All the while my work was calling,
And I hesitated stalling,
For it seemed the sky was falling
And I’d never finish all I had to do.
Yet as I sat there stewing
About all that needed doing,
A gentle peace began its brewing
In my soul.
Slowly He began the changing
With a quiet rearranging
By exchanging my poor thinking
For His own.
All that mattered was His nearness,
Which I saw with renewed clearness,
And He changed me to be fearless
In His love.
There my busy day was brighter
And my to-do list seemed much lighter
As I found that as a writer
I’m renewed!
As I reread that poem twenty years later, standing among those peach trees, I realized the lesson had been there all along.
The peaches scattered across the orchard floor were not diseased fruit. They were not bad peaches. In fact, they were perfectly healthy young peaches. Yet if they all remained on the tree, none would reach their full potential. The tree’s energy would be divided among too many competing demands.

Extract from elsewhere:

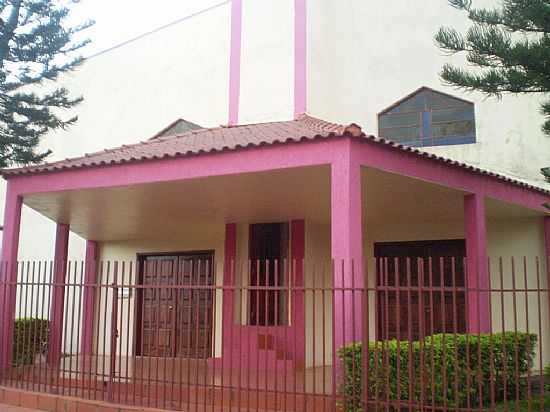 ALTAMIRA DO PARAN-PR-IGREJA N.SRA.APARECIDA-FOTO:EDSON DE OLIVEIRA F - ALTAMIRA DO PARAN - PR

The grower understands what the tree itself cannot.
Sometimes less fruit now produces better fruit later.
Jesus spoke of a similar process in our lives:
“Every branch that does bear fruit He prunes, that it may bear more fruit” (John 15:2).

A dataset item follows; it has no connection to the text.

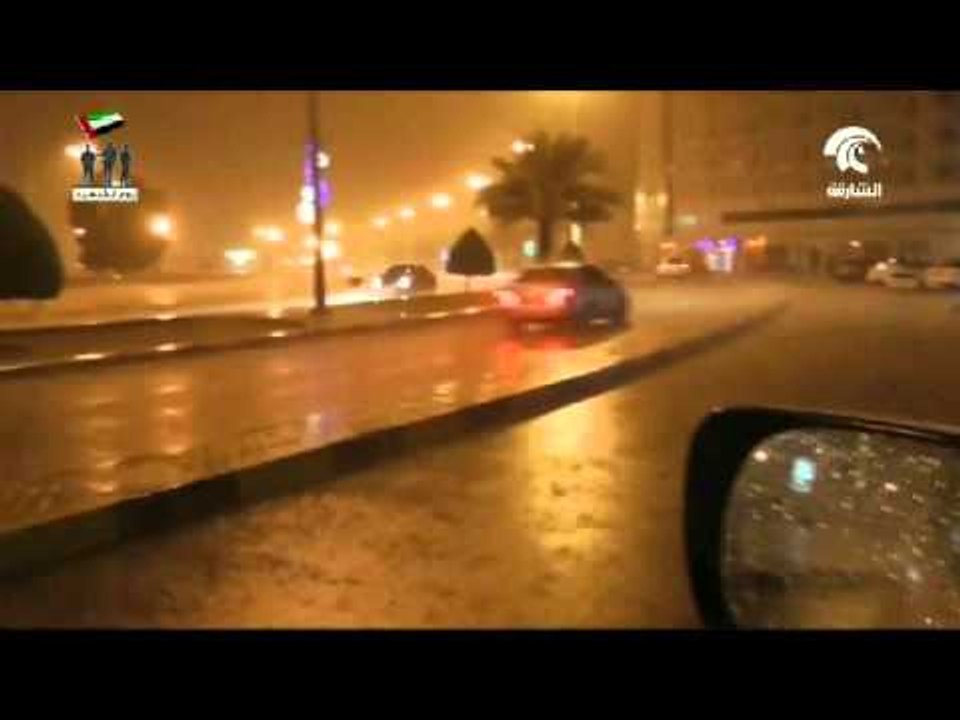 أمطار الخير الغزيرة تهطل على مناطق متفرقة من الدولة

Notice that He is not pruning dead branches in this verse. He is pruning fruitful ones.
That truth can be unsettling.
We readily understand why God removes sinful habits, unhealthy relationships, or destructive patterns. But what about the good things? What about worthwhile projects, meaningful commitments, enjoyable activities, and even ministry opportunities?

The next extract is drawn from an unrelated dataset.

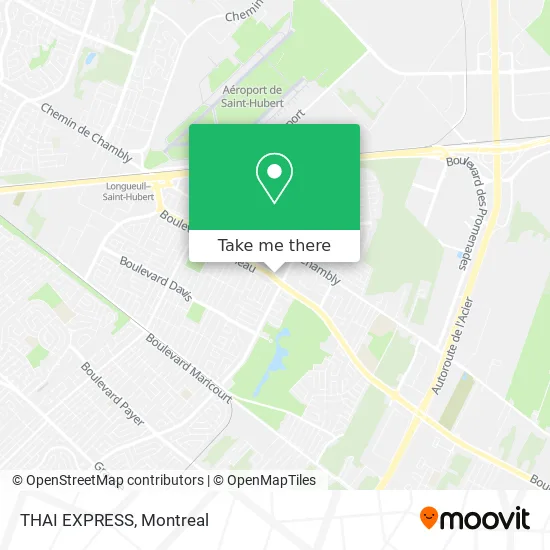 THAI EXPRESS map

Sometimes God lovingly removes things that are good because they are competing with what is best.
Hebrews 12:1 instructs believers to “lay aside every weight, and the sin which so easily entangles us.” The writer makes a distinction between weights and sins. Some things are sinful and must be abandoned. Other things are simply weights. They may not be wrong, but they slow us down in our pursuit of Christ.
A peach tree does not need diseased fruit removed in order to be thinned. It simply has too much fruit.
How often is that true of us?
We crowd our calendars, fill our minds, multiply our commitments, and then wonder why our spiritual fruit seems small and immature. We strain harder, work longer, and push ourselves further, while the Master Gardener quietly invites us to release something.
Not because He wants less fruit.
Because He wants better fruit.
Love that runs deeper.
Joy that lasts longer.
Peace that remains steady.
Patience that endures hardship.
Faith that has been tested and proven genuine.
The thinning may feel like loss for a season. Opportunities pass. Plans change. Certain dreams are delayed or even surrendered. Yet the Gardener sees what we cannot. He knows which peaches must fall so that the remaining fruit can grow sweet and mature.
Perhaps that is why David wrote, “One thing have I desired of the Lord, that will I seek after…” (Psalm 27:4).
One thing.
Not twenty things.
Not a hundred worthy pursuits.
One thing.
We see the same principle in the story of Martha and Mary:
“Martha, Martha, you are worried and troubled about many things. But one thing is needed…” (Luke 10:41-42).
Martha wasn’t doing bad things. She was doing good things. Jesus simply pointed her toward the better thing.
The mature Christian life is often less about adding more and more and more, and more about allowing God to narrow our focus until Christ Himself becomes our chief desire.
The peaches on the orchard floor reminded me that God’s thinning is never punishment. It is preparation. The hand that removes is the same hand that nourishes. And the fruit He leaves behind will be all the sweeter because of what He chose to take away.
The next time I walk through the peach orchards, I doubt I’ll see waste lying on the ground. I’ll see the wisdom of the grower. What once appeared to be loss is actually an investment in sweetness yet to come.
And perhaps when God removes something from my own life—a dream, an opportunity, a responsibility, or simply a season that has ended—I will remember those little green peaches beneath the trees and trust the hand of the Master Gardener.
He is not reducing fruitfulness.
He is preparing it.
And perhaps that is why His invitation remains the same today as it was twenty years ago:
“Child, be still and listen to Me…”
For sometimes the sweetest fruit grows not from our striving, but from our abiding.